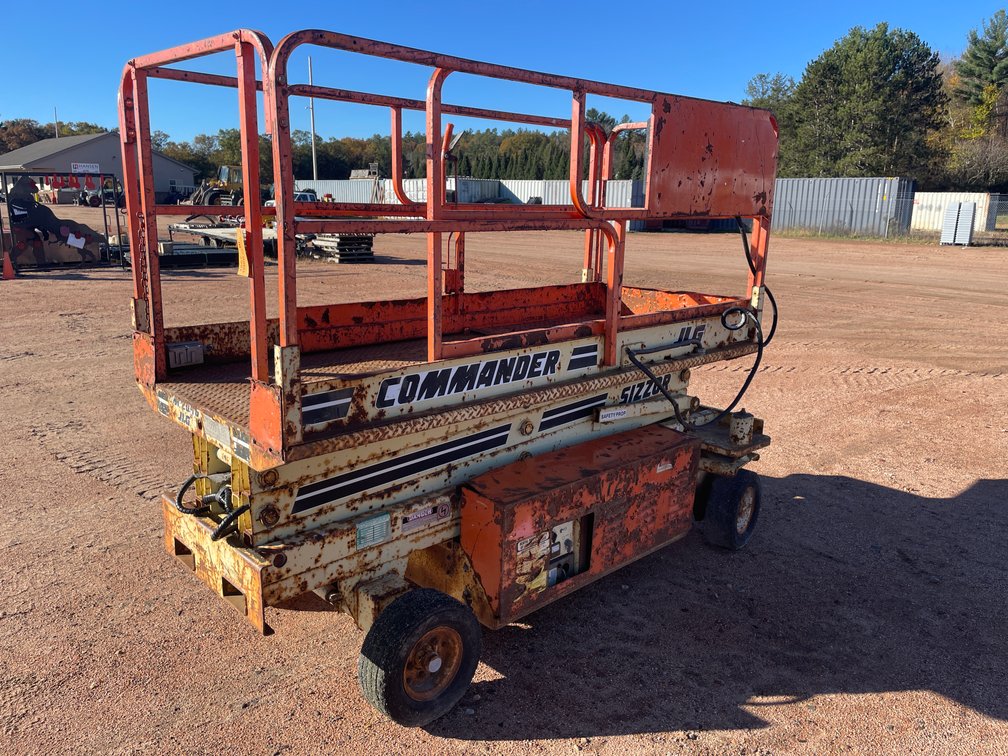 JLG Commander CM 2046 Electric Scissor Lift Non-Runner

---

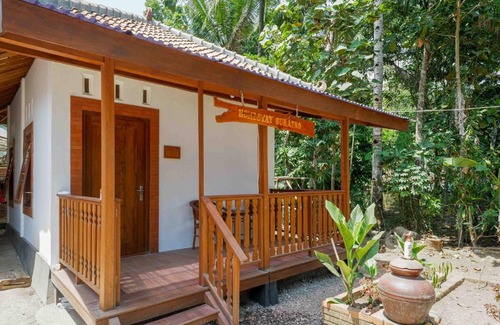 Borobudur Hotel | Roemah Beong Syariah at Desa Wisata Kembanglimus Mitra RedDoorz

--

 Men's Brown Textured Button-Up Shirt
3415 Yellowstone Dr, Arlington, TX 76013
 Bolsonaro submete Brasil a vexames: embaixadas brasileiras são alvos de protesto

▶ [About this task] In the data above, find the line with "Men's Brown Textured Button-Up Shirt" and the line with "Bolsonaro submete Brasil". Retype both, plus every line between them, exactly.

▶ [Result of the task]
 Men's Brown Textured Button-Up Shirt
3415 Yellowstone Dr, Arlington, TX 76013
 Bolsonaro submete Brasil a vexames: embaixadas brasileiras são alvos de protesto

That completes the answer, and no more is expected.